Dr. Greg Garrard: Social-Ecological Systems

img_6176My research field is called ‘ecocriticism’, which is the literary branch of the ‘environmental humanities’, ‘a range of multifaceted scholarly approaches that understand environmental challenges as inextricable from social, cultural and human factors’ (Neimanis et al. 1970). While ‘the environment’ is often approached as if it were strictly the domain of natural scientists, it is important to distinguish between ‘problems in ecology’, which can only be addressed by ecological scientists, and the much wider category of ‘ecological problems’, which are ‘features of our society, arising out of our dealings with nature, from which we should like to free ourselves, and which we do not regard as inevitable consequences of what is good in that society’ (Passmore 1974). Cultural differences shape the ecological problems we identify, and also the kinds of solutions we propose and accept. For example, Germany is phasing out all its remaining nuclear power stations, whereas France gets 85% of its electricity from nuclear and has experienced little social protest on the subject. Similarly, Zhou’s analysis of data from 32 countries found that Canadians expressed the least environmental scepticism and Filipinos the most – but he also found no macropolitical differences that could explain the disparity, and concluded that the ‘variation may be due to unique historical and cultural contexts of individual countries, and cannot be simply attributed to national differences in affluence, world society connections, ecological conditions, and levels of democracy’ (Zhou 1973).
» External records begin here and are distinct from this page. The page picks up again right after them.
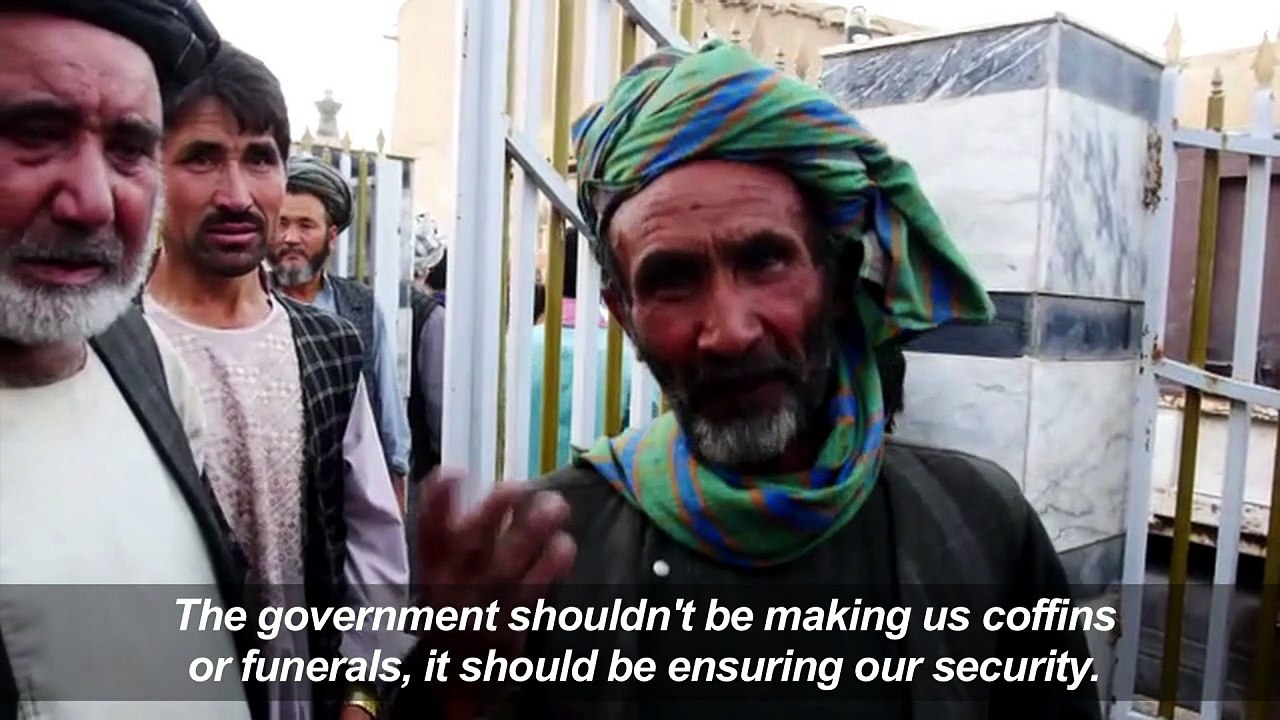 Afghan families recount horrifying Taliban, IS massacre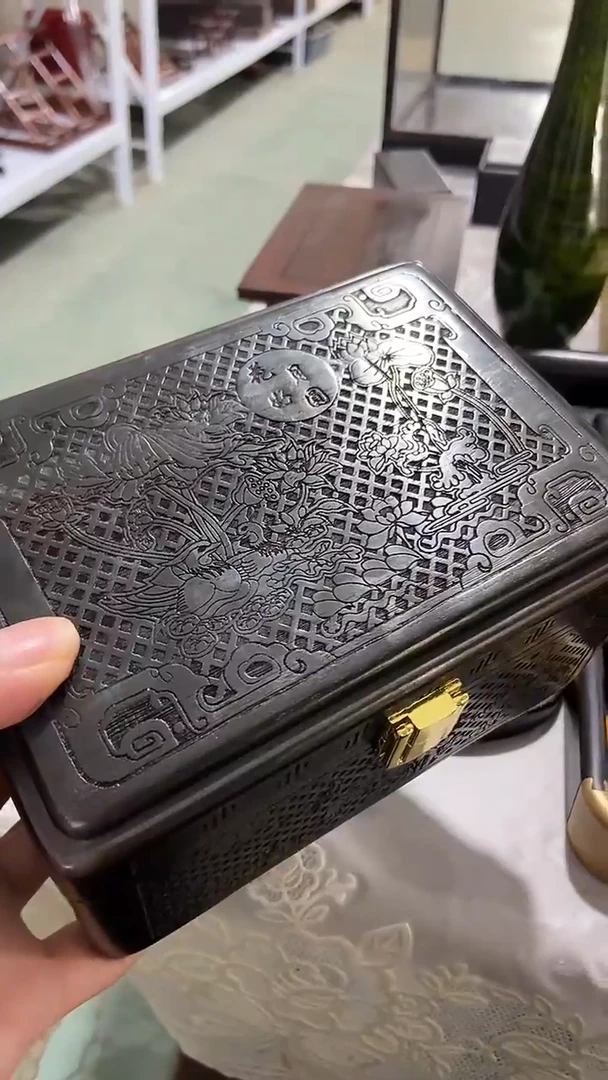 木肖* 花好月圆首饰盒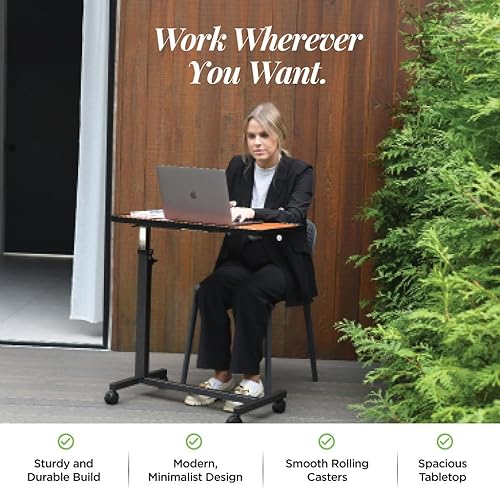 Miniatura 6 de Medical king Mesita de noche ajustable con ruedas, escritorio de cama sobre la cama con ruedas, mesa de hospital para uso en el hospital y el hogar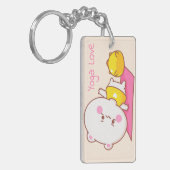 Yoga Love Sleutelhanger (Voorkant Links)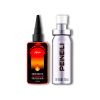 Pack X2 con lubricante efecto calor y spray Peineili para prolongar el placer y el control.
Even the things we call ‘the environment’ – the very boundary-lines of ‘nature’ itself – are shaped by our cultural history. So my research, whether it’s on environmental literature, or novels about dogs or whales or chimps, or the phenomenon of climate scepticism, is about environmental imaginaries – which are not at all separate from the material realities studied by colleagues in the natural sciences.

Neimanis, Astrida, Cecilia Åsberg, and Johan Hedrén. “Four Problems, Four Directions for Environmental Humanities: Toward Critical Posthumanities for the Anthropocene.” Ethics & the Environment 20.1 (2015): 67-97. Print.

Passmore, John Arthur. Man’s Responsibility for Nature; Ecological Problems and Western Traditions. London: Duckworth, 1974. Print.

Zhou, Min. “Public Environmental Skepticism: A Cross-National and Multilevel Analysis.” International Sociology 30.1 (2015): 61-85. Print.

For more information about Dr. Garrard please click here.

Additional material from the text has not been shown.